[Captioned web images]
-- -- --
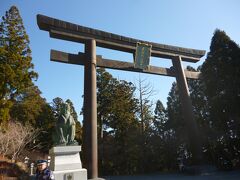 インターからくねくね道を通って秋葉神社上社に到着です。ここから本堂まで結構登ります。正直、行きは階段、帰りは坂を下るという方がいいと思います。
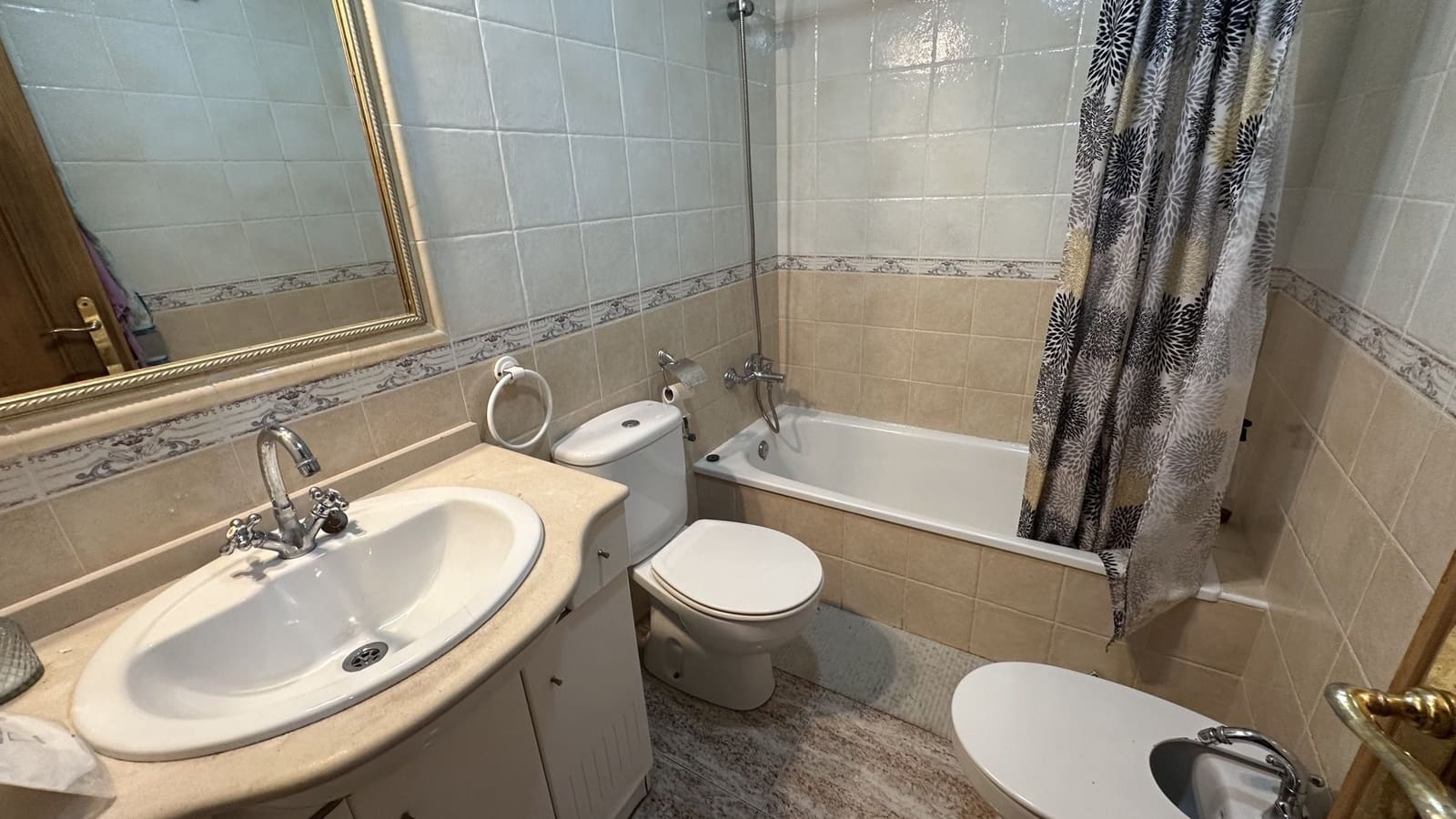 2 bedroom Apartment for sale in Guardamar del Segura with pool - € 150,000 (Ref: 10163925)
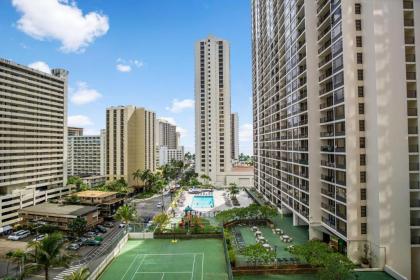 Waikiki Banyan by Darmic Honolulu Hawaii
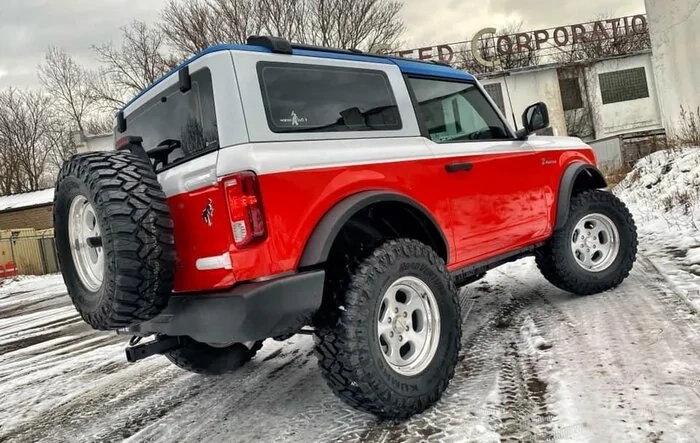 Bill Stroppe BAJA BRONCO Tribute Build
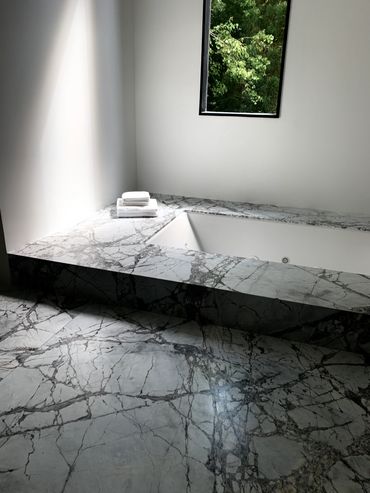 Stone floor: Marmi Natural Stone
-- -- --
What is needed is a word-for-word copy of the records above, excluding pictures.

 インターからくねくね道を通って秋葉神社上社に到着です。ここから本堂まで結構登ります。正直、行きは階段、帰りは坂を下るという方がいいと思います。
 2 bedroom Apartment for sale in Guardamar del Segura with pool - € 150,000 (Ref: 10163925)
 Waikiki Banyan by Darmic Honolulu Hawaii
 Bill Stroppe BAJA BRONCO Tribute Build
 Stone floor: Marmi Natural Stone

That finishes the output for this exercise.